NYU Stern versus Yale SOM for career change to IB?

I've been accepted to NYU Stern (no $) and Yale SOM ($20k scholarship). Which of these schools would be best for breaking into IB?

For context: I'm 29 years old, my work experience is in the public sector / at non-profits, and I have an MA in international relations. I'm leaning towards Stern because of its location and connections to Wall Street, but the Yale name seems generally more powerful. I've seen threads covering similar ground on WSO but nothing in the past year.

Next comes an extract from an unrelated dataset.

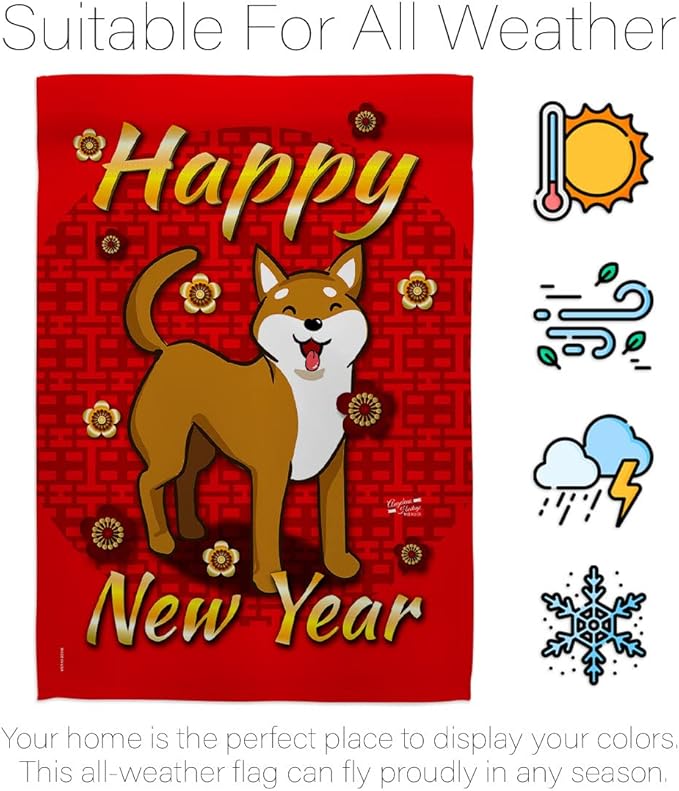 Chinese Dog Year Garden Flag - Set with Stand Winter Lunar New Good Luck Prosperous Seasonal Arrival Blessing - House Decoration Banner Small Yard Gift Double-Sided Made In USA 13 X 18.5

Any insights or advice would be appreciated.

13 Comments
 

your alumni network is much stronger, and the curriculum on finance isn't really subpar to NYU Stern. slight-short-term disadvantage is possible but likely big payoff in future.

 

This logic makes sense, but I was under the impression that Stern graduates are everywhere on Wall Street. Is this the case for SOM, or is it that SOM is a tighter but smaller network? Or am I missing something?

 

Stern graduates are everywhere on wall street because people that want to go to school in NYC and don't get into an M7 go to Stern. It's a lot of self-selection.

There are anecdotal benefits from the Yale name as well, probably won't see them in IB OCR but I bet you will later in your career.

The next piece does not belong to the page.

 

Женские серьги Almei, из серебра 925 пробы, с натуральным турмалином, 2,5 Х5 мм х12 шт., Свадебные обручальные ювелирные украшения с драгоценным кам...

Anyway, at worst it's a tossup and the $20k tips the scales. The vast majority of people at either school that want IB probably get it.

 

I only applied to Yale (know great people at Stern though) and Yale will definitely be a smaller IB recruiting pool (probably about 40 people vs. likely a lot more at Stern). Less competition is probably nice and everyone gets an offer from what I was told. The only slight draw back is that you have to take the 2 hour train (no wifi fyi) into the city like 3 times a week in November for recruiting where at Stern you will already be there. In my opinion it is a very short-term draw-back. Yale is a great program and I highly recommend.

 

Thanks! This lines up with what I've heard elsewhere. Do you know if it's common for people to take on an internship during the school year? If so, I would think this weighs in NYU's favor, but if it's not common at MBA programs then it's a moot point.